0

We are successfully using MATCH AGAINST in queries to search in our database, which is mostly in Czech, so we use utf8_czech_ci as default collation. We have set minimum length of query to 1 and we have disabled all the stop words.

However, consider searching for word Schedule.

When you write:

  • s : Schedule found
  • sc : nothing found
  • sch : Schedule found

It looks like it treats ch as single character (which is correct in Czech language), but certainly incorrect when we do fulltext search.

Is there a way to avoid this behaviour?

Vojtěch
  • 11,312
  • 31
  • 103
  • 173

1 Answers1

1

Yes, utf8_czech_ci treats ch as a single letter, between h and i. Č and č are equal, but come after all c. Similarly for other letters with a Caron.

This provides the collation quirks of various utf8 collations.

I would argue that your observations are correct for that collation. Is "schedule" a Czech word?

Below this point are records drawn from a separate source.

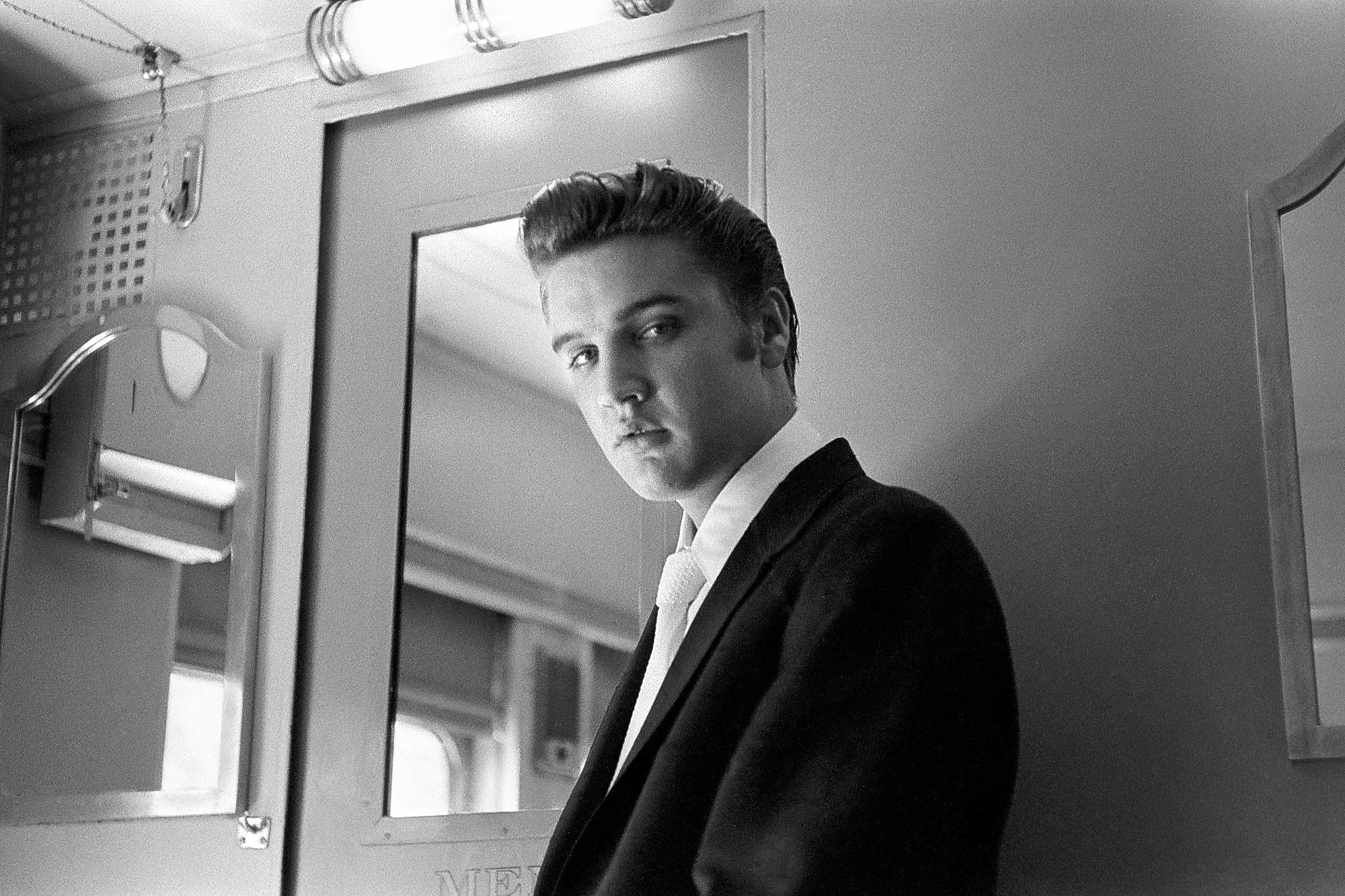TV-Elvis Documentary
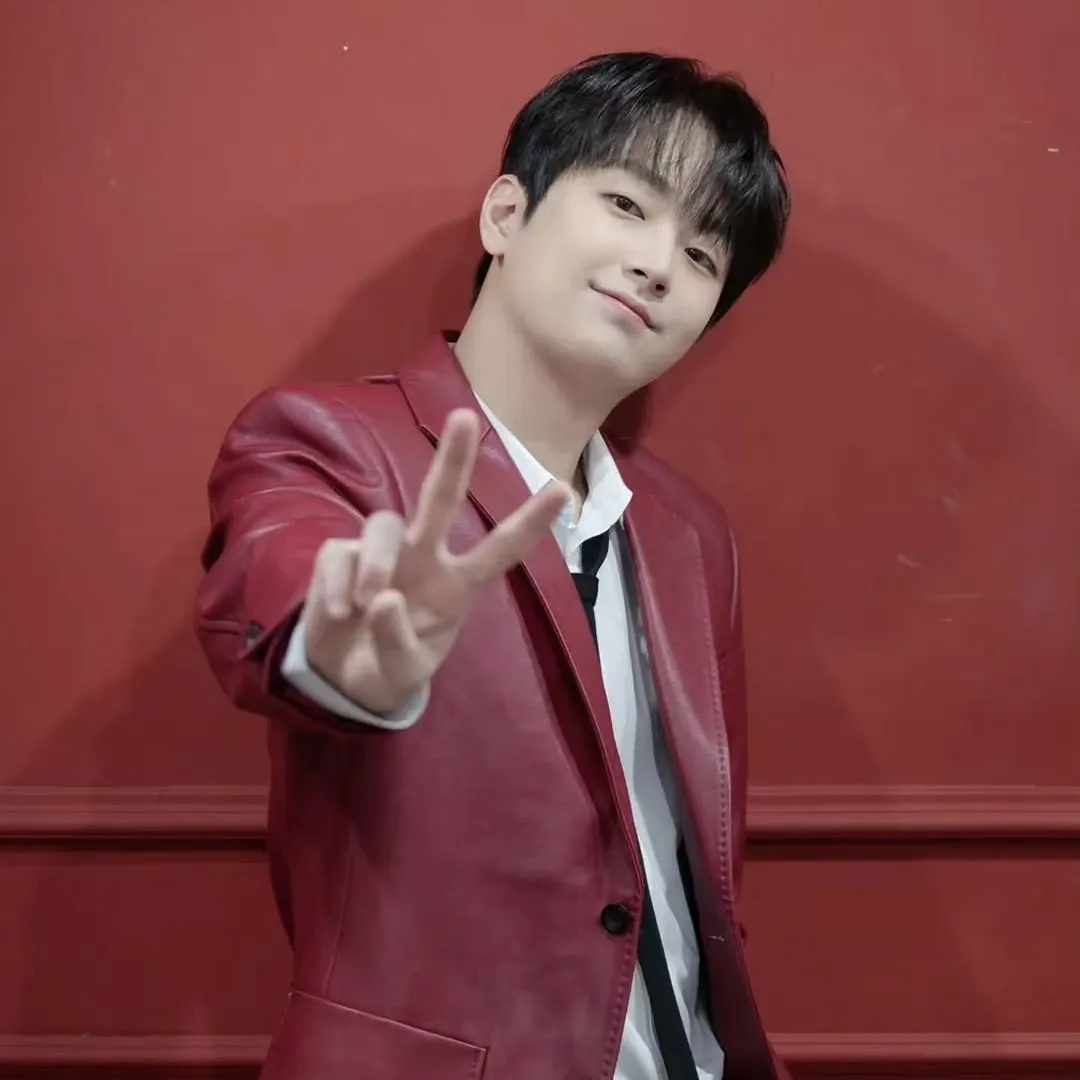 Momen yang diabadikan oleh penggemar Lee Chanwon
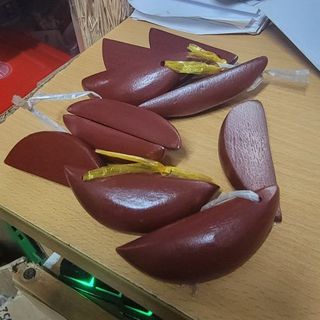 quẻ gỗ xin keo nâu
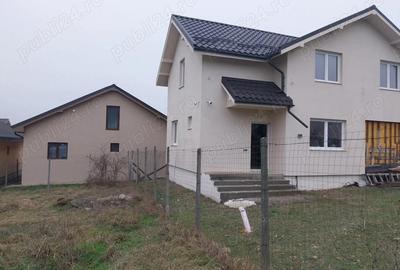 Casă cu Teren 252 Mp în Valu lui Traian - 1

To avoid it, pick another utf8 COLLATION for the column, and rebuild the FULLTEXT index. utf8_bin and utf8_general_ci and utf8_unicode_ci are likely candidates. You may need to have two columns (and indexes) with the same text, but different collations. Then pick the column in order to control what language you want to search with.

Are you "comparing" strings? If so, the collation will make a big difference -- "say" < "see" < "sch" in Czech, but not any(?) other collation.

(utf8mb4 operates the same as utf8, at least with respect to this Question.)

Rick James
  • 135,179
  • 13
  • 127
  • 222